Donner's breakthrough directing role came with The Caretaker, a film made with a low-budget funded almost entirely by financial contributions starting at £1,000 each from such individuals as Richard Burton, Noël Coward, Peter Sellers and Elizabeth Taylor, with the stars bypassing their standard fees and taking shares of the film's revenue. The movie, based on the play of the same name by Harold Pinter, was filmed in black-and-white with cinematography by Nicolas Roeg.
Donner's next film, Nothing but the Best, was a satire on the British class system starring Alan Bates and Denholm Elliott, based on a screenplay by Frederic Raphael. The film tells the story of Jimmy Brewster as a lower-class striver who seeks to move up in the system under the tutelage of his upper crust instructor Charlie Prince.
Donner's first large-budget film was What's New Pussycat?, an American-financed comedy shot in France, starring Peter O'Toole and Peter Sellers.
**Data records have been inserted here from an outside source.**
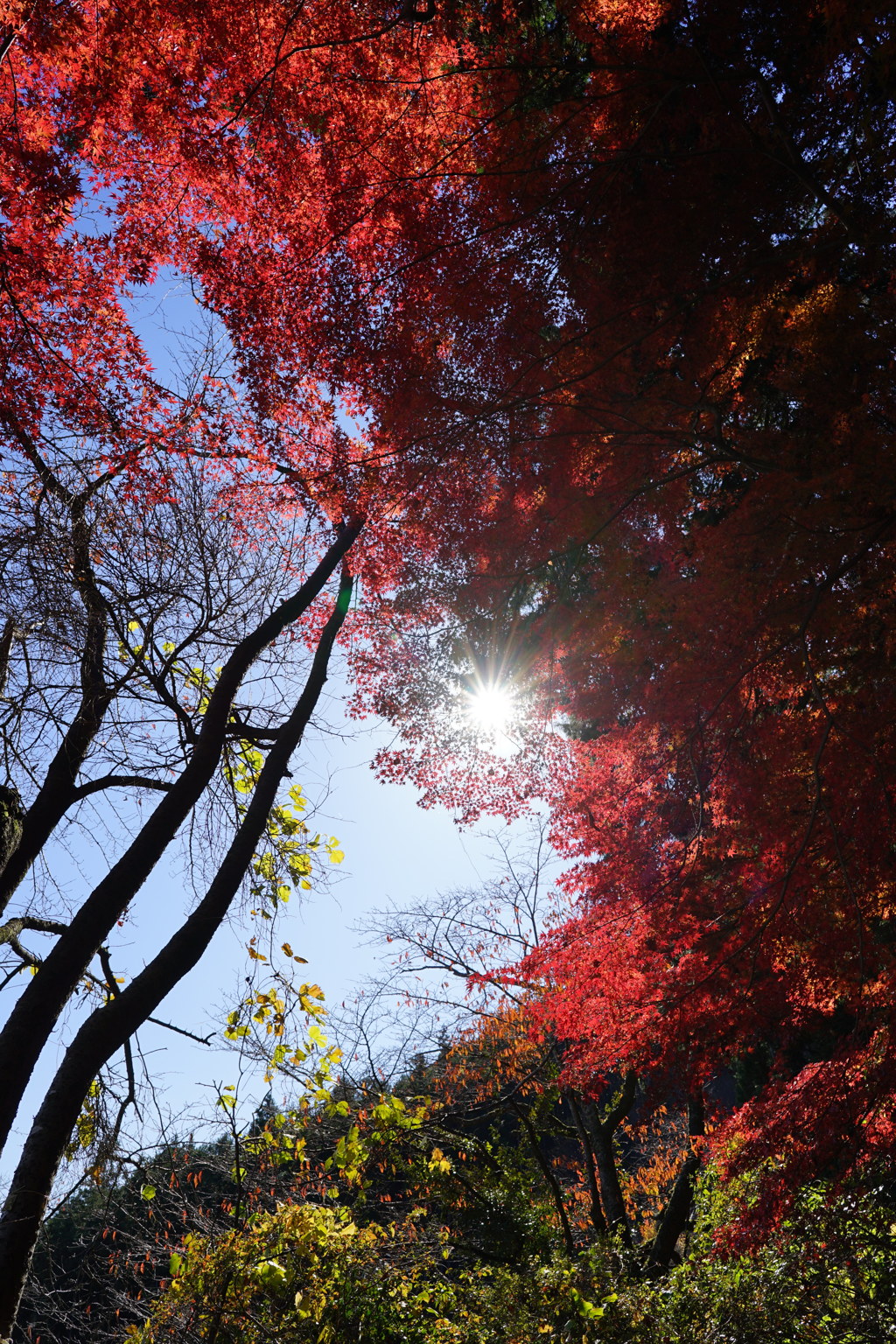 紅葉と…。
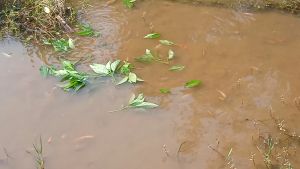 Bibit Tanaman Kecubung Untuk Pakan Murah Nila Dan Gurame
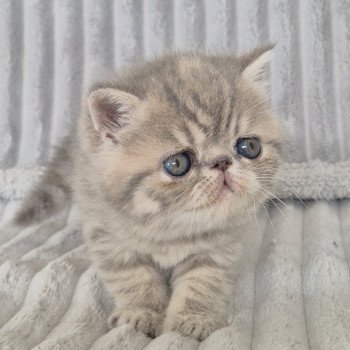 chaton Exotic Shorthair blue spotted tabby Collier violet Chatterie Katzarolli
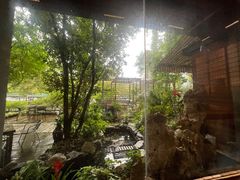 -谷咖啡·鲜花绿植花园餐厅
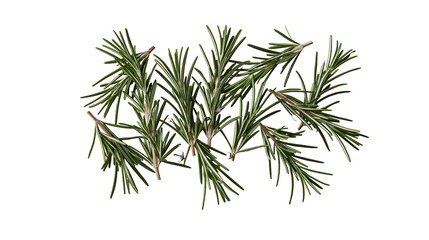 Fototapeta premium Fresh green rosemary sprigs arranged in a cluster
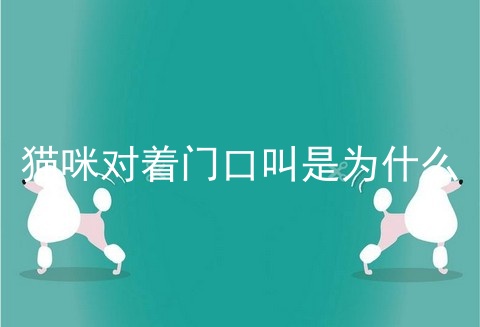 猫咪对着门口叫是为什么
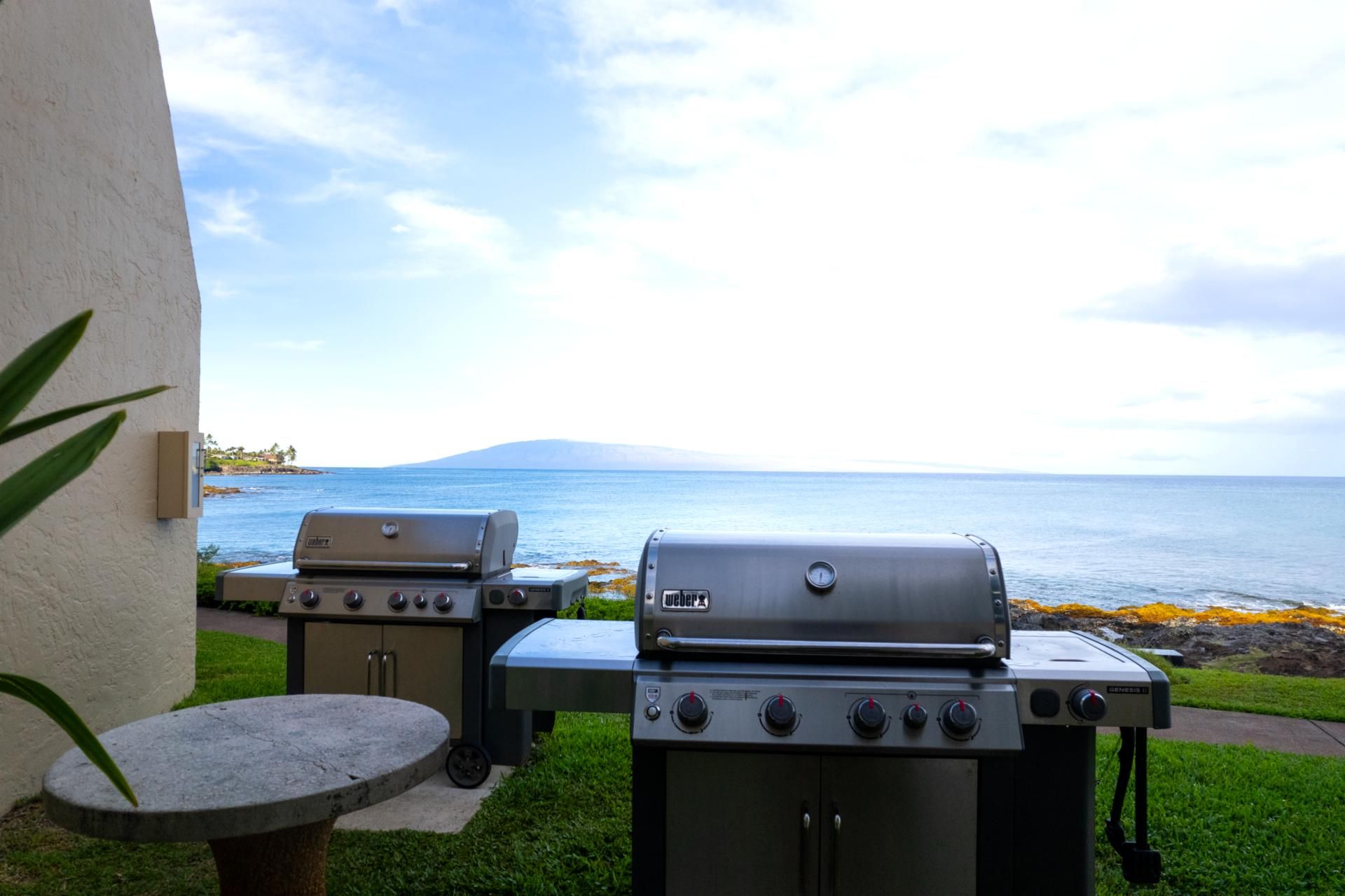 Zwei Grillplätze im Freien mit Blick auf den Ozean und einer Rasenfläche.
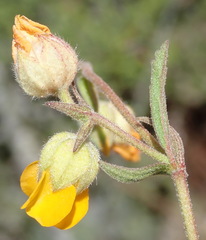 Hermannia althaeifolia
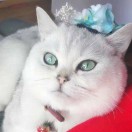 💦TopᐅᐅᐅαУ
O'Toole played the womanizer Michael James, who does his best to remain faithful to his fiancée Carole Werner, while numerous women — Ursula Andress, Capucine, Paula Prentiss — fall in love with him, with Sellers playing the role of his psychoanalyst, Dr. Fassbender. The success of the title song, performed by Tom Jones, added to the motion picture's success with audiences. Woody Allen, who wrote the screenplay and made his first screen appearance in the movie, hated the end result, commenting that the vision he had for the movie in his original script had been distorted.
Donner's film Luv, an adaptation of the play by Murray Schisgal, starred Peter Falk, Jack Lemmon and Elaine May, but the addition of locations and characters to the original work led to criticism of the casting and direction, and the film was a commercial failure. Donner rounded out the 1960s with the 9th-century period piece Alfred the Great, starring David Hemmings.

1970s

In 1973, Donner's essay into theatre, directing Robert Patrick's play Kennedy's Children at the King's Head Theatre, Islington was ultimately produced internationally.
Donner directed the film Vampira, a comedy horror film of the vampire genre that sought to piggyback on the commercial success of Young Frankenstein for its US release. He directed the made-for-television movie Spectre, produced by Gene Roddenberry.

1980s

The Nude Bomb is a comedy based on the television series Get Smart, which featured Don Adams reprising his role as secret agent Maxwell Smart. Donner followed up with the parody Charlie Chan and the Curse of the Dragon Queen featuring Angie Dickinson, Michelle Pfeiffer and Peter Ustinov.
For television he directed a film version of The Scarlet Pimpernel with Ian McKellen and Jane Seymour. He followed with television production of the Charles Dickens classics Oliver Twist and A Christmas Carol, both of which starred George C. Scott.

Death

Donner died at age 84 on 7 September 2010 in London due to complications of Alzheimer's disease. His Australian wife, Jocelyn Rickards, a costume designer whom he met while working on Alfred the Great and married in 1969, had died in 2005.